It’s taken me ten years to learn a little bit about slowing down. Now, I am just slow enough that I have the time and space to describe this image in the detail it deserves:

De-Sign Full

This started life as one possible visual representation of a Master's Thesis I wrote at the University of Oxford in 2015. It shows directly what the 11,000 word essay talks around: that there is a way to use language such that you can exceed the representational frame using language always already implies.

More simply, there is a way for words to be more than they mean.

The way this occurs depends upon your participation. You, this reader right now rolling these words over in your mind, face a choice. Will you read this sincerely?

The irony is that sincerity is a theatrical word: it means “to perform so whole-heartedly that the audience must suspend disbelief”. Choosing to find sincerity here–rather than manipulation, or hubris, or madness–does not mean ignoring the fact that there is something inevitably performative about my words. They were written with you in mind, after all.
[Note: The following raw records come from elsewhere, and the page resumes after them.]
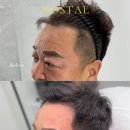 노스탈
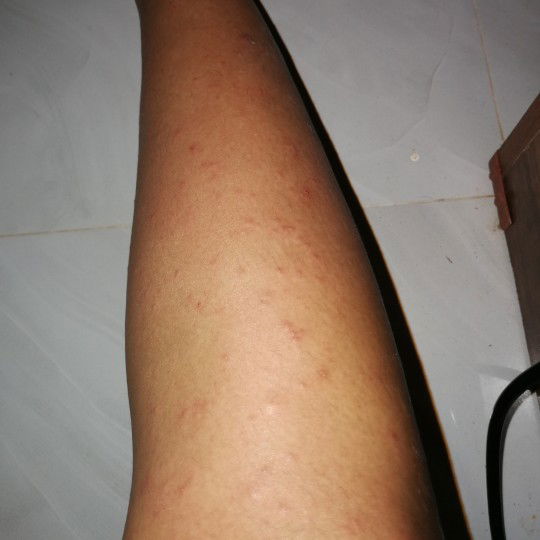 มีผื่นเต็มตัว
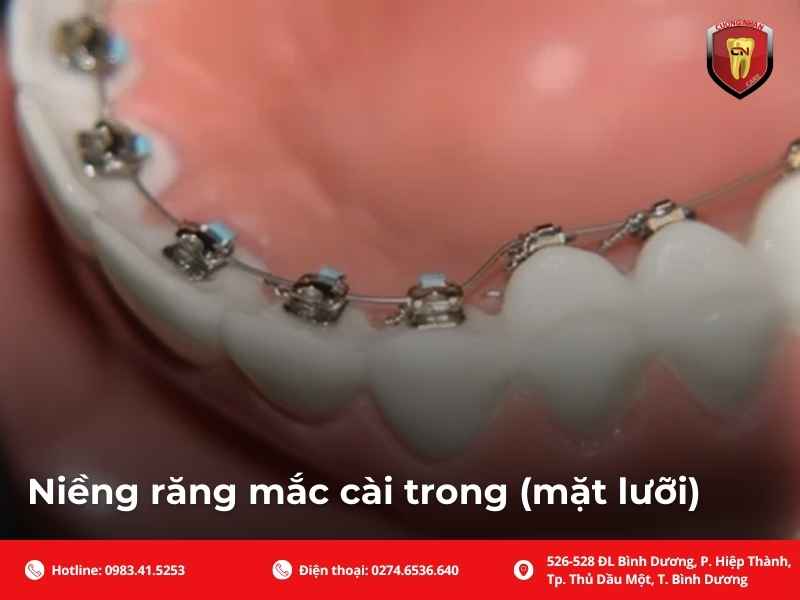Niềng răng mắc cài trong (mặt lưỡi)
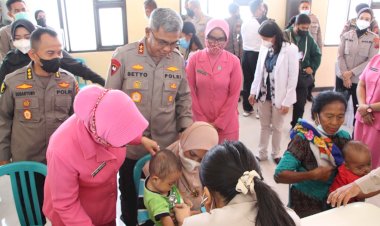 Tahapan-Operasi-Bibir-Sumbing-dalam-rangka-Hari-Bhyangkara-ke-76-Dimulai,-Kapolda-Berharap-Perawatannya-Akan-Berkelanjutan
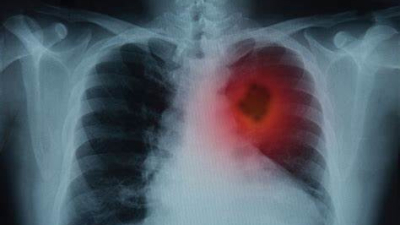 Argentina aprobó el uso de un tratamiento para el cáncer de pulmón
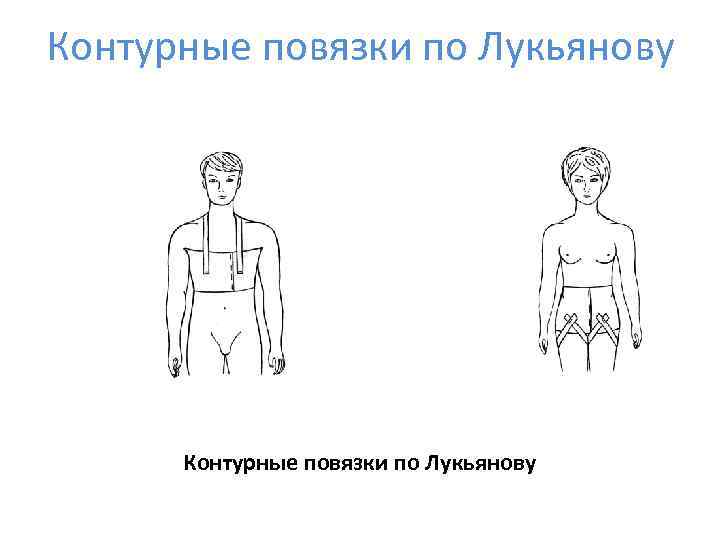 Контурные повязки по Лукьянову 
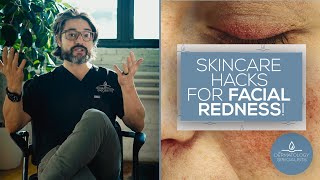 Skincare Hacks for Facial Redness!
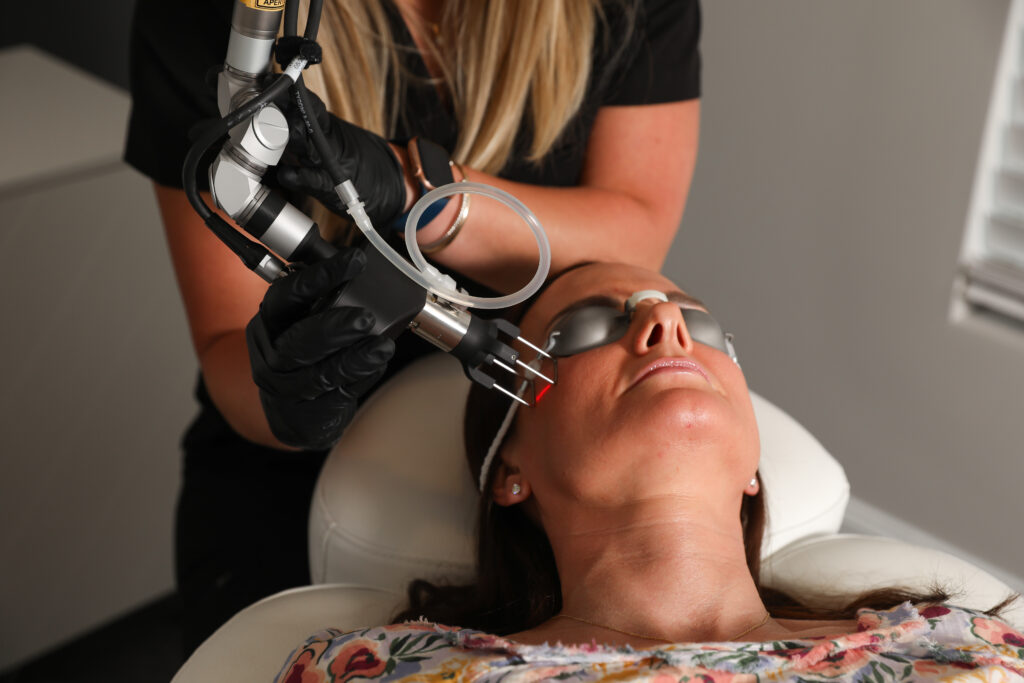 Medical Spa In Versailles, KY-Co2 Laser Treatment in Versailles, KY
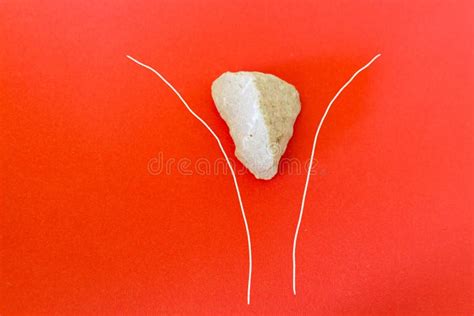 Stone Stuck In Narrow Place Stock Photo Image Of Health Trouble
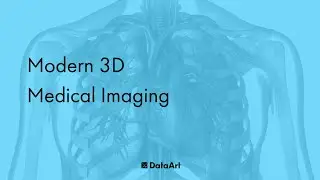 Modern 3D Medical Imaging (Video Teaser)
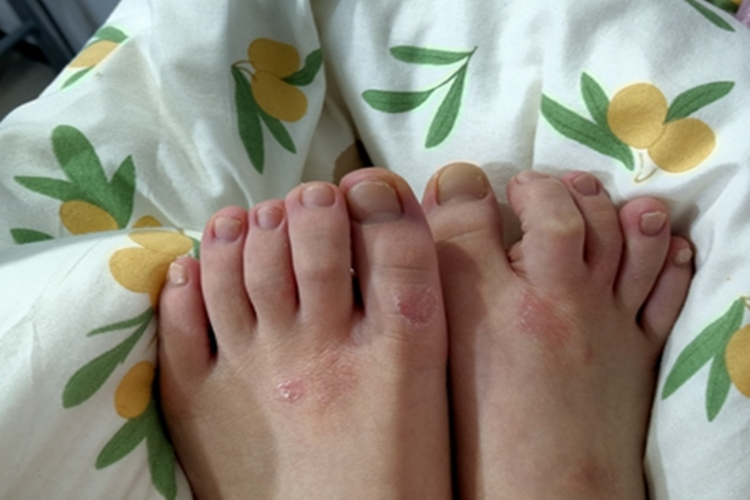 慢性湿疹脚背红斑图 慢性湿疹脚背红斑图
It means knowing that everything is a performance, and being willing to inquire more deeply into who or what is being performed by this particular arrangement, rather than dismissing it as “fictional” or “unscientific” or “unquantifiable” or “irrational” or any other term your mind may conjure up.

Because the way for words to move beyond what words generally are depends on your participation, the diagram is not only concerned with language: it is about you, too.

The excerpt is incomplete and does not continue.